They had an assignment, if I wanted to come in. Probably should've called 'em back – my bank account took a major hit after last night's Wal-Mart run - but instead I decided to step up my Mystery Dining. Pulled out a clean dress and rummaged through the unopened underwear (am having a devil of a time figuring out this upper level sizing), then I left for a locally owned pizza buffet. The selection wasn't great (they only had three different pizzas up at any one time), but they knew how to keep their buffet tables full during lunch rush.

Mid-afternoon, I did a sandwich place: one of those pretentious bistros where you get your ham and cheese on pane instead of solid white bread, where the soup is served in a large bread bowl you can eat afterwards (actually, I kinda liked that!) and least one of the menu items has "California" in its title. The chairs were rather iffy, though. I probably would've stayed longer if the legs hadn't wobbled when I sat down.

But, instead, I took myself to one more restaurant on my list: a Midwestern Italian place that advertised "All-You-Can-Eat Spaghetti Night." One step away from Ragu sauce, but they didn't lie when it came to the "all-you-can-eat" part. I decided to test their endurance, and my waitress came through with flying colors. She was promptly present every time I finished off a plate.
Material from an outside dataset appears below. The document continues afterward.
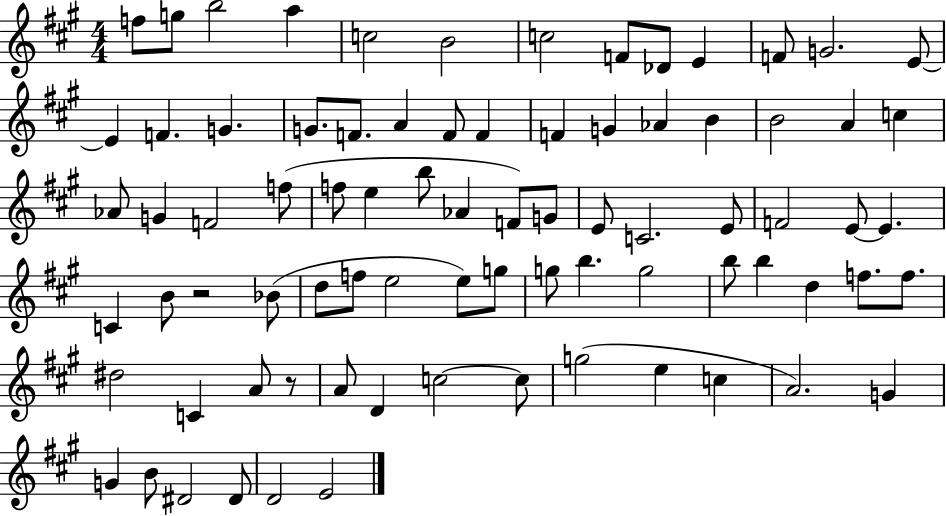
F5/e G5/e B5/h A5/q C5/h B4/h C5/h F4/e Db4/e E4/q F4/e G4/h. E4/e E4/q F4/q. G4/q. G4/e. F4/e. A4/q F4/e F4/q F4/q G4/q Ab4/q B4/q B4/h A4/q C5/q Ab4/e G4/q F4/h F5/e F5/e E5/q B5/e Ab4/q F4/e G4/e E4/e C4/h. E4/e F4/h E4/e E4/q. C4/q B4/e R/h Bb4/e D5/e F5/e E5/h E5/e G5/e G5/e B5/q. G5/h B5/e B5/q D5/q F5/e. F5/e. D#5/h C4/q A4/e R/e A4/e D4/q C5/h C5/e G5/h E5/q C5/q A4/h. G4/q G4/q B4/e D#4/h D#4/e D4/h E4/h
And once it became clear I was not going to get up any time soon, she'd simply ask, "Another serving?" then would quickly bring it to me when I indicated yes.
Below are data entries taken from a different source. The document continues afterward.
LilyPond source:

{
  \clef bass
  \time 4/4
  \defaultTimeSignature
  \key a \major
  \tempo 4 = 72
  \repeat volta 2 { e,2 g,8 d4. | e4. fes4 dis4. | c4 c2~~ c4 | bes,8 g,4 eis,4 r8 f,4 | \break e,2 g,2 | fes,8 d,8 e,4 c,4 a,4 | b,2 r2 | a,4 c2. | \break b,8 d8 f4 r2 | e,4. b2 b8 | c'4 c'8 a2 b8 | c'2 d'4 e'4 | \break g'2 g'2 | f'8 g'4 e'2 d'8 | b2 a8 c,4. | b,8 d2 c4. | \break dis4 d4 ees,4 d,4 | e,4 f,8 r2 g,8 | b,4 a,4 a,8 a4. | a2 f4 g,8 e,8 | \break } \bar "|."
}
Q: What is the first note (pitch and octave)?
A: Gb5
Though it took a whole lot more servings than it had on the weekend, I finally was able to reach the same state of gluttonous fullness I remembered from my ride home. Sat and watched the waitress clean off my table, feeling too overfed to rise from my seat, and momentarily imagined spending the rest of my life at that table being kept fed and satisfied. "Sure you don't want anything else?" my waitress finally asked once she'd finished - thus earning herself an even more glowing review. And though my belly twinged as soon as I said it, something from inside me welled up and asked to see the dessert menu.

Ate a three-scoop bowl of spumoni ice cream, then I finally rose to go home and write my three reports. Had to force myself to sit at the computer table and work, but I knew if I didn't get the info in that night, all three visits'd blur together. I didn't even bother to log onto the Internet (which is why this item is appearing the next day), just printed up my reports and then collapsed onto bed. It took some time to find a comfortable position. But once I did, I was dead to the world. Who'd have thought the simple act of eating could be so darned exhausting?



The thoughts &
work experiences of
Denise Purchess.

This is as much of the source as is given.